Não existem soluções fáceis para esta tendência de longo prazo. Concordo que nosso comércio deve ser justo, e não apenas livre. Mas a próxima onda de deslocamento econômico não virá dó exterior. Virá como consequência do avanço implacável da automatização, que torna obsoletos muitos empregos bons da classe média.
Por isso precisamos forjar um novo pacto social –para garantir a todos nossos filhos a educação que necessitam; para conferir aos trabalhadores o poder de se sindicalizarem em busca de salários melhores; para modernizar a rede de segurança social de modo a refletir o modo como vivemos hoje e empreender mais reformas tributárias, para que as empresas e os indivíduos que lucram mais com a nova economia não evitem cumprir suas obrigações ao país que possibilitou seu sucesso. Podemos discutir sobre as melhores maneiras de alcançar esses objetivos. Mas não podemos transigir em relação aos próprios objetivos. Pois, se não gerarmos oportunidades para todas as pessoas, os desafetos e divisões que paralisaram nosso progresso vão apenas se intensificar nos próximos anos.
Existe uma segunda ameaça à nossa democracia, uma ameaça que é tão velha quanto nosso próprio país. Após minha eleição, falou-se em uma América pós-racial. Por bem-intencionada que fosse, essa visão nunca foi realista. A raça continua a ser uma força poderosa e divisiva em nossa sociedade. Já vivi o suficiente para saber que as relações raciais estão melhores hoje do que eram dez, 20 ou 30 anos atrás –isso é visível não apenas nas estatísticas, mas nas atitudes de jovens americanos de todo o espectro político.
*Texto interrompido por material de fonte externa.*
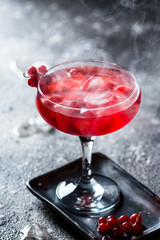 red cocktail with ice vapor. Cocktail with smoke. Alcohol drink, vodka, ice, party, dry ice.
Mas não chegamos onde precisamos chegar. Todos nós temos mais trabalho a fazer. Afinal, se todo problema econômico é apresentado como uma luta entre uma classe média branca que trabalha arduamente e minorias que não são merecedoras, então trabalhadores de todas as cores serão relegados a disputar as sobras, enquanto os ricos se retiram ainda mais dentro de seus enclaves privados. Se nos negarmos a investir nos filhos de imigrantes, apenas porque eles não se parecem conosco, prejudicaremos as perspectivas futuras de nossos próprios filhos –porque essas crianças morenas vão representar uma parcela maior da força de trabalho da América. E nossa economia não precisa ser um cálculo em que alguns ganham tudo e outros ficam com nada. No ano passado houve um aumento de renda para todas as raças, todas as faixas etárias, para homens e mulheres.
Daqui em diante, precisamos respeitar e implementar as leis contra a discriminação –nas contratações, no setor habitacional, na educação e no sistema de justiça criminal. É o que exigem nossa Constituição e nossos ideais mais elevados. Mas as leis não serão o bastante, por si sós. É preciso que os corações mudem.